Combined, the private markets portfolio of SFERS makes up almost 40% of its total assets under management, one of the largest private market concentrations for a pension plan of its size.

Because of funds that are expiring and making cash distributions to the pension plan, the Torrey Pines pacing report shows that commitments to private equity will need to increase incrementally in subsequent years past 2019 for the system to maintain its 18% target asset allocation.

The report says that private equity contributions will need to reach $1.3 million by 2025. Real Asset contributions will also need to reach $1.3 billion by 2025 for the pension system to reach and maintain its 17% allocation to the asset class, the report says.

Pension plan contributions for private credit will also need to increase gradually, reaching $950 million by 2025 for the pension system to build the asset class to a 10% allocation, the report said.

SFERS Chief Investment Officer William Coaker Jr. has said that reductions in corporate lending by banks in both the US and Europe following the financial crisis has helped fuel the private credit asset class.

The asset class can pay returns in excess of 6%, an attractive proposition for many pensions plans, who have been stung by low fixed income rates. There is a potential downtown: A meltdown in the economy could mean bankruptcy risk for some private companies that are the subject of the loans made by institutional investors.

Competition among institutional investors to find the best private market investments has also meant a slow build-out of the asset class for San Francisco and other pension systems.

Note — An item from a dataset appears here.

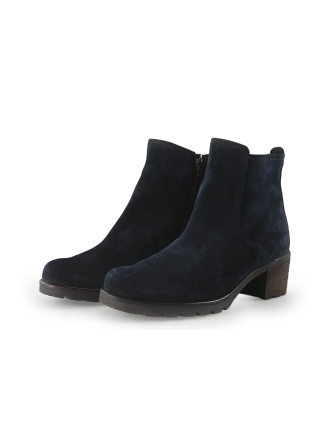 Gabor Enkellaarzen Blauw 349038
 Maat 38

The San Francisco system has had better luck in building its private equity and real assets portfolios.

The rest of the San Francisco system’s asset allocation are: hedge funds, which make up $3.2 billion or 12.7% of the pension’s assets, public equities ($8.6 billion, 34.2%), and fixed income (11.6%, $2.9 billion). Cash makes up 3% of the system’s assets for a total of $755,562.

Coaker has attributed the system’s 4.24% return for the first nine months of the 2018-2019 fiscal year ending March 31 to the high percentage of assets devoted to private market investments.

While the return is under the pension system’s assumed 7.4% rate of return, relatively it is above the returns of many other public pension plans, whose larger equity allocations have made for rough going due to market volatility.

At the retirement system’s board meeting on April 10, Coaker announced some of the first progress to new private equity commitments in 2019. He said that two private equity investments were approved by the board meeting in closed session in February.

He said at the system’s meeting on February 13, an investment of up to $50 million was committed to C-Bridge HealthCare fund IV, a buyout fund managed by C-Bridge Capital Investment Management.

At the same February meeting, he said, an investment of up to $25 million was approved by the board in closed session to venture capital fund Versant Vantage I. The firm running the fund, Versant Ventures, has a staff of approximately 100 scientists who validate academic discoveries as potential foundations for new companies.